Newton Interpolating Polynomials

As stated in the introduction, the matrix formed in Equation 1 can be ill-conditioned and difficult to find an inverse for. A simpler method can be used to find the interpolating polynomial using Newton’s Interpolating Polynomials formula for fitting a polynomial of degree n through n+1 data points (x_i,y_i) with 1\leq i\leq n+1:

    \[ f_n(x)=b_1+b_2(x-x_1)+b_3(x-x_1)(x-x_2)+\cdots+b_{n+1}(x-x_1)(x-x_2)\cdots(x-x_n) \]

where the coefficients b_i are defined recursively using the divided differences as follows:

    \[\begin{split} b_1&=y_1\\ b_2&=[y_1,y_2]=\frac{y_2-y_1}{x_2-x_1}\\ b_3&=[y_1,y_2,y_3]=\frac{[y_2,y_3]-[y_1,y_2]}{x_3-x_1}=\frac{\frac{y_3-y_2}{x_3-x_2}-\frac{y_2-y_1}{x_2-x_1}}{x_3-x_1}\\ \vdots &\\ b_{n+1}&=[y_1,y_2,y_3,\cdots,y_{n+1}]=\frac{[y_2,y_3,\cdots,y_{n+1}]-[y_1,y_2,y_3,\cdots,y_{n}]}{x_{n+1}-x_1} \end{split} \]

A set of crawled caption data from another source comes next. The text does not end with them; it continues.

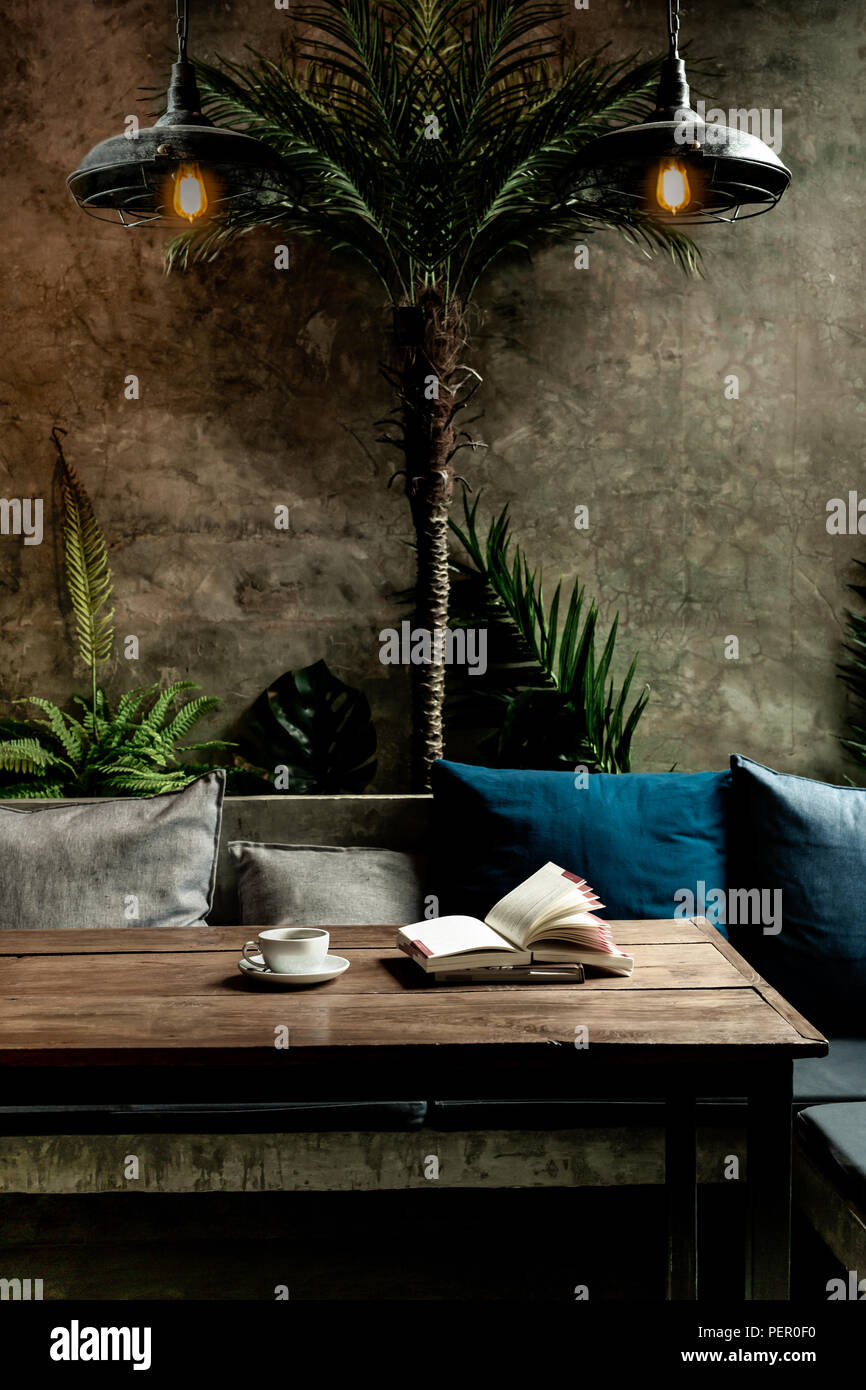 Konzeptionelle in dunklen Ton Kaffeetasse und Bücher auf hölzernen Tisch unter der Lampe. Stockfoto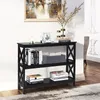 A black three-tier console table with decorative X-shaped sides, placed in a room setting with a rug and artwork on the wall. Podgląd zdjęcia produktu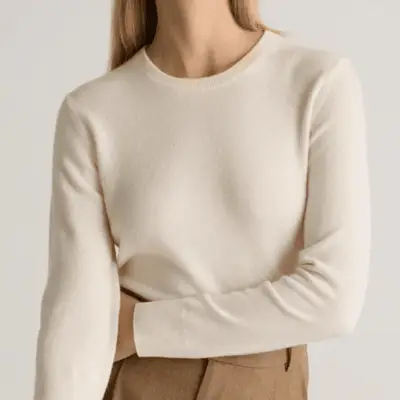 Photo of person wearing an ivory crewneck cashmere sweater 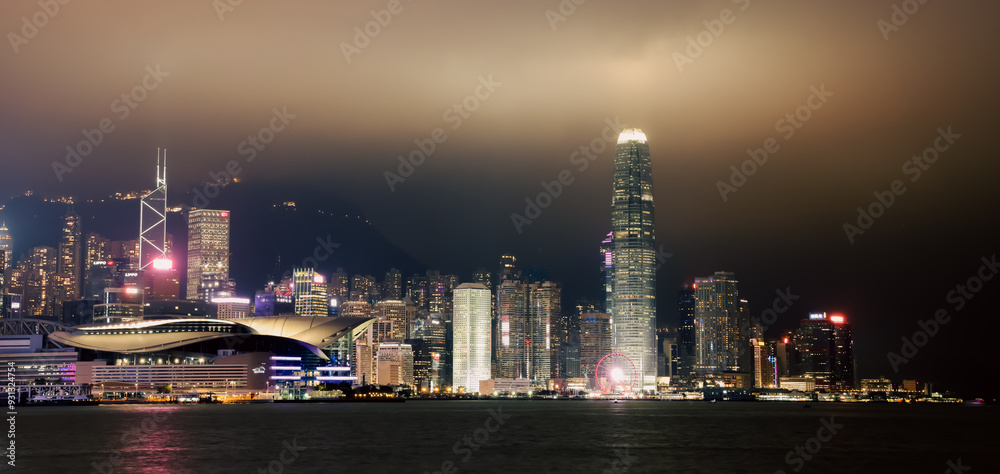 Fototapeta premium Night panorama showcasing the vibrant skyline of Hong Kong with illuminated skyscrapers and a serene harbor view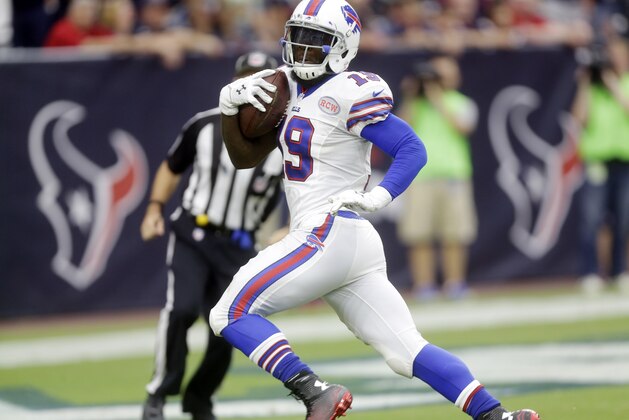 Buffalo Bills' Mike Williams (19) scores a touchdown against the Houston Texans during the fourth quarter of an NFL football game, Sunday, Sept. 28, 2014, in Houston. (AP Photo/Patric Schneider)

This recursive divided differences are illustrated in the following table:
Interpolation5

The following Mathematica code implements a recursive function “f” that produces the coefficients b_i.

View Mathematica Code
Data = {{1, 3}, {4, 5}, {5, 6}, {6, 8}, {7, 8}};
f[anydata_] := If[Length[anydata] == 1, anydata[[1, 2]], If[Length[anydata] ==2, (anydata[[2, 2]] - anydata[[1, 2]])/(anydata[[2, 1]] -anydata[[1, 1]]), (f[Drop[anydata, 1]] - f[Drop[anydata, -1]])/(anydata[[Length[anydata], 1]] - anydata[[1, 1]])]]
NP[anydata_] := Sum[f[anydata[[1 ;; i]]]*Product[(x - anydata[[j, 1]]), {j, 1, i - 1}], {i, 1, Length[anydata]}]
(*Using the Newton polynomial function*)
y = Expand[NP[Data]]
(*Using the interpolating polynomial built-in function*)
y2 = Expand[InterpolatingPolynomial[Data, x]]
View Python Code
import numpy as np
import sympy as sp
sp.init_printing(use_latex=True)

Data = [(1, 3), (4, 5), (5, 6), (6, 8), (7, 8)]
x = sp.symbols('x')
def f(anydata):
  if len(anydata) == 1:
    return anydata[0][1]
  elif len(anydata) == 2:
    return (anydata[1][1] - anydata[0][1])/(anydata[1][0] -anydata[0][0])
  else:
    return (f(anydata[1:]) - f(anydata[:-1]))/(anydata[len(anydata)-1][0] - anydata[0][0])
def NP(anydata):
  return sum([f(anydata[0:i+1])*np.prod([(x - anydata[j][0]) for j in range(i)]) for i in range(len(anydata))])
# Using the Newton polynomial function
display("y: ",sp.expand(NP(Data)))
# Using the interpolating polynomial built-in function
display("y2: ",sp.interpolate(Data, x))

Newton’s formula for generating an interpolating polynomial adopts a form similar to that of a Taylor’s polynomial but is based on finite differences rather than the derivatives. I.e., the coefficients b_i are calculated using finite difference. One advantage to this form is that the degree of a Newton’s interpolating polynomial can be increased (or decreased) automatically by adding (or removing) more terms corresponding to new points without discarding existing terms.

Example 1

Using Newton’s interpolating polynomials, find the interpolating polynomial to the data: (1,1),(2,5).

Solution

We have two data points, so, we will create a polynomial of the first degree. Therefore:

    \[ b_1=y_1=1\qquad b_2=\frac{5-1}{2-1}=4 \]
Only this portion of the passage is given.